Seine „Konzepte“, brillant verkörpert von dem Ehepaar Silvia Azzoni und Alexandre Riabko (die diese Parts auch schon bei der Uraufführung tanzten), entgleiten ihm, und auch „La Barbarina“, seit 2003 famos im schlichten Trikot getanzt von Hélène Bouchet, oder auch die Fantasiegestalt von Friedrich dem Großen, über den Aschenbach ein Ballett zu kreieren plant, können dem emotional verkrachten Mann nicht mehr helfen.
Er dialogisiert mit seinen Erinnerungen an die Kindheit, und Louis Musin ist hier ein ebenso passender Cast für Aschenbach als Junge wie Anna Laudere gleich drei Rollen übernahm: den Part der Mutter von Aschenbach, den seiner Assistentin und den von Tadzios Mutter. Kreiert wurden diese drei Rollen übrigens von der heutigen Neumeier-Ballettmeisterin Laura Cazzaniga.
Das Flair von Venedig kulminiert in der gezeigten Gedankenwelt von Aschenbach zu einem chaotischen, erotisch aufgeladenen Überdruck. Aschenbach mutiert somit zu einem wandelnden Sensorium – schließlich steht die ganze gezeigte Gesellschaft hier unter einer absurd hohen Anspannung.

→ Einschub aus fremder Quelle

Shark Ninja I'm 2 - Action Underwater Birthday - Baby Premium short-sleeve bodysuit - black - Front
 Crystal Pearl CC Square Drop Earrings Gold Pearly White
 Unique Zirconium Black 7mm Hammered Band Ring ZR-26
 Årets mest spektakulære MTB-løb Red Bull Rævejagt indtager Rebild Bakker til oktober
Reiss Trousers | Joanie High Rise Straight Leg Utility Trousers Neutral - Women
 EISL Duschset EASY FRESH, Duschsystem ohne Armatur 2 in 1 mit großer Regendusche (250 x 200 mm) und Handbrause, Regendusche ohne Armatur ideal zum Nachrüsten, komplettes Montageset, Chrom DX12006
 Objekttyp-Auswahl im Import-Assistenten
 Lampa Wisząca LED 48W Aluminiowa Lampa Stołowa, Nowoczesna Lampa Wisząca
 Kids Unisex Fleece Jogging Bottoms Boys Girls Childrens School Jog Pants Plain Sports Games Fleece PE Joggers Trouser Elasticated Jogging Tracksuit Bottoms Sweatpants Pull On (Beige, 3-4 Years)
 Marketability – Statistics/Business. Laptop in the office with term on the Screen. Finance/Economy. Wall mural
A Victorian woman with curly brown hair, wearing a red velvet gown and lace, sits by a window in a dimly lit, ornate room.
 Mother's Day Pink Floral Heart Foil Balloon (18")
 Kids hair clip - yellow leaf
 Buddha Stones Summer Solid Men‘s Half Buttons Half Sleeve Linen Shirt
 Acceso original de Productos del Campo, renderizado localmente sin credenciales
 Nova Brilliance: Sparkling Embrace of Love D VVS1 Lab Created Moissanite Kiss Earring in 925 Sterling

Dass die Totenträger in einer Szene mit Alltagsmasken einen didaktischen Gegenwartsbezug darstellen (wie auch ein Teil der Komparserie im klassisch-romantischen Corps beim Staatsballett Berlin), passt durchaus in diese kruden, wie von Blitzgedanken durchzogenen Universen aus Imagination.
Der junge Tadzio scheint von alledem aber nichts zu spüren. Das Erwachsenwerden fesselt seine Sinne. Er hält alles, was er sieht, für normal und den alten Mann Aschenbach, dem er scheinbar zufällig so oft begegnet, für einen gutmütigen entfernten Bekannten, der zufällig im selben Hotel in Venedig abstieg wie Tadzio mit seinen Eltern.
Oder verhält es sich doch anders? Genießt Tadzio unterschwellig die Aufmerksamkeit des Künstlers? Oder leidet er sogar unter dem beinahe pädophilen Begehren, das ihn betrifft?
Hier bleibt ein Mysterium ein Mysterium.
Das Ende jedoch ist so grausam wie es das Leben auch nicht selten auch ist: Nach einem atemberaubenden tänzerischen Miteinander rutscht Aschenbach sterbend an den schönen Beinen des Jünglings gen Boden. Und während er um seine letzten Atemzüge ringt, schaut Tadzio ungerührt mit einem aus seinen Fingern geformten Fernglas ins Publikum, also aufs Meer hinaus.
Venedig hat hiermit eine Legende mehr an den Hacken – und das Hamburg Ballett einen weiteren unvergessenen Ballettabend.